Another transmitter, noradrenaline, plays a related inhibitory function in some of the descending pathways from the brain to the spinal cord, whereas serotonin can enhance pain. The balance is lost when pains become persistent and inhibitory controls are lost.
These bidirectional pathways are embedded in the emotional areas of the brain, which explains how depression, fear, anxiety, sleep, coping, distraction, etc., can alter pain. The descending controls are hijacked by placebo and nocebo (the patient’s positive and negative expectations), and can be manipulated by anti-depressant drugs that act on these two main transmitters.
Their efficacy in neuropathic pains has no effect on mood, but this is not always explained to patients, who may be surprised to be offered a prescription for anti-depressants.

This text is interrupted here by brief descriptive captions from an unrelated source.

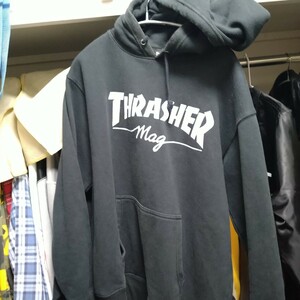 スラッシャー　THRASHER　パーカー　Lサイズ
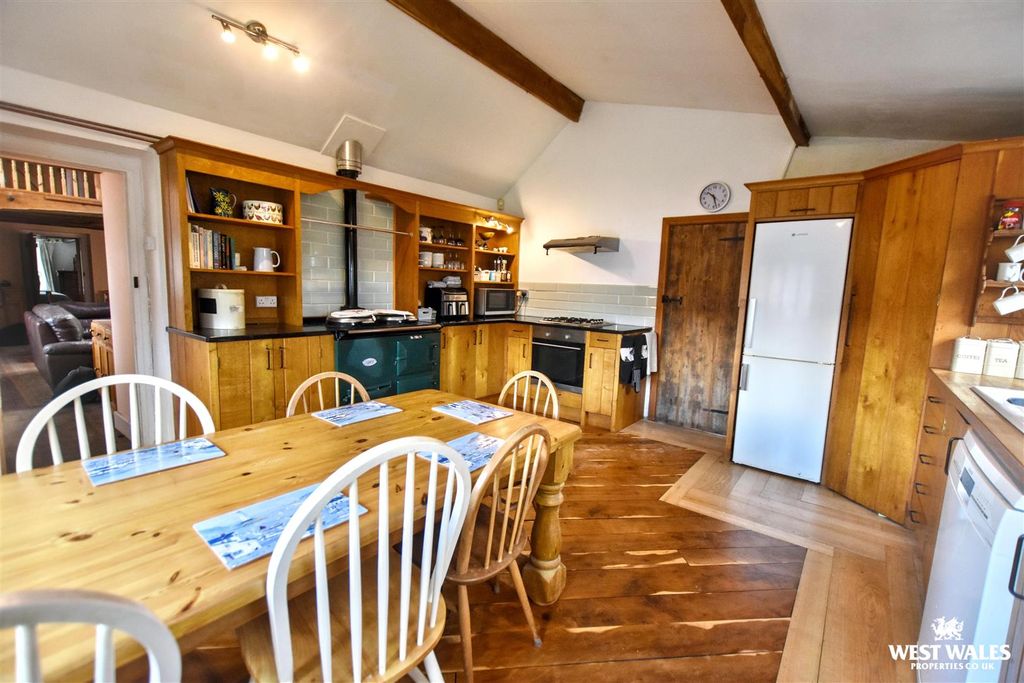 Property photo 3 of 46 2 (88).Jpg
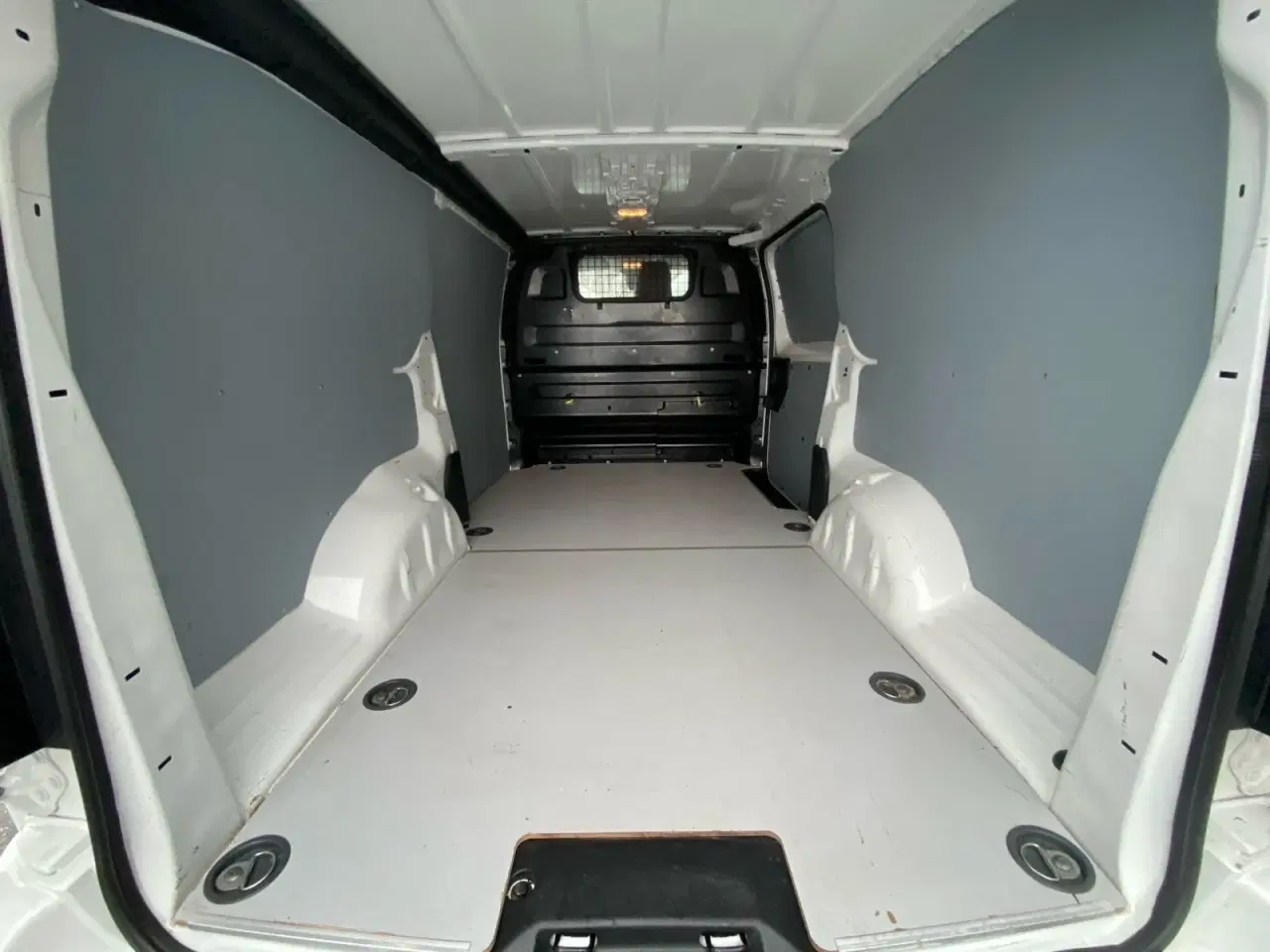 Billede 9 - Peugeot Expert 2,0 BlueHDi 144 L3 Plus Van
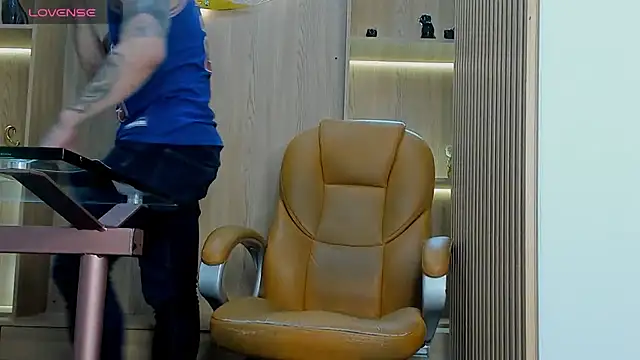 Snapshot of George_Diesell chatting on January 2025 08:36:02 PM George Diesell online show from January 2025 08:36:02 PM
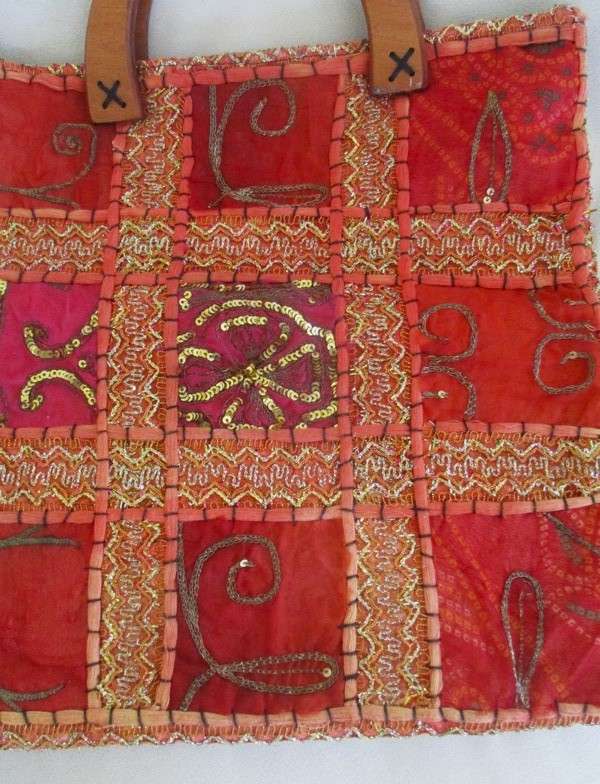Stunning hand embroidered bag from Thailand in wonderful condition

The connection of the limbic brain to the spinal cord through diffuse pathways may be an explanation for widespread pains such as fibromyalgia and irritable bowel syndrome, where peripheral processing may remain normal, yet central modulation goes awry, and leads to several symptoms, including differing degrees of pain.
Where will we be in the future? There has been an identification of several novel targets for pain control; so better drugs should emerge. The importance of combined pharmacological and social and psychological approaches is recognised.
The most useful development could be better ways of predicting which pain in a particular patient will respond to a particular drug. Using pain profiles from individual patients, it may become possible to use existing and new drugs in a far better way.
Professor Tony Dickenson is Professor of Neuropharmacology at University College, London.